The answer has to come from considering what led you to ask the question in the first place. If your team is limited just by the number of hours in a day and the number of people you have, then you probably want to ask about what skills would be best to add to the team, be it testing or otherwise. If the team is struggling on testing specifically, then another tester may just be a band-aid; could the team be better served by working on building everybody’s testing skills? What problem are you trying to solve? The answer is never “we have the wrong tester to developer ratio.”

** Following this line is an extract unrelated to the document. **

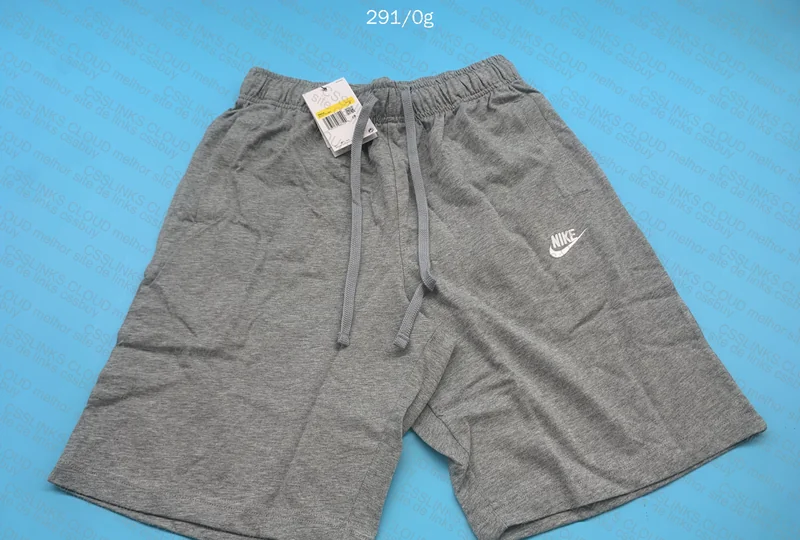 Shorts Nike Club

It’s also a great grounding question. Last week I wrote about how important it is to identify specifically what you’re trying to test at any moment. The motivation is the same. If you find yourself struggling with too many variables in the air and a hundred contingencies and tangents about all kinds of other things, stop for a moment and ask: “What problem am I trying to solve?” or “What problem do I need to solve right now?”

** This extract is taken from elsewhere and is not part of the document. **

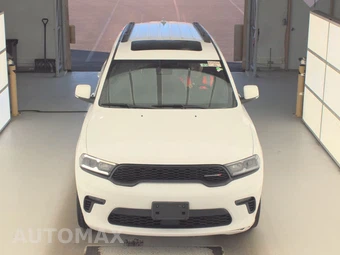 2022 Dodge Durango GT Plus – miniatura 2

Arrakis teaches the attitude of the knife—chopping off what’s incomplete and saying: “Now it’s complete because it’s ended here.”
—from “Collected Sayings of Maud’Dib” by the Princess Irulan, in Frank Herbert’s Dune
Testing isn’t explicitly mentioned this time, but most testers who have been around the block a few times will probably recognize why this caught my eye. Often it feels like there are an infinite number of things to test, and the only way testing can be “done” is by putting down the knife.
Is there any testing that the “attitude of the knife” doesn’t apply to?
Of course, we like to attribute more agency to ourselves than that. Maybe we say our testing is complete when we’ve tested all the aspects described in our well-reasoned test plan. You know, that perfect test plan that takes into consideration all the stakeholders’ needs, the risks involved, the impact to the users, and timeliness required to arrive at just the right amount of testing for this particular context. At the end you can push back from your terminal and say, “Yes, I tested everything I set out to test. Everything about it has been validated and verified to the extent reasonable, and I’m not just saying that because we’ve run out of time.”
But then again, did you not come up with your test plan or strategy knowing how much time would be reasonable to spend on this? Did you know that the knife was going to come down on a certain day? Did you have a sense of the tolerance of your stakeholders, and balance that against the risks?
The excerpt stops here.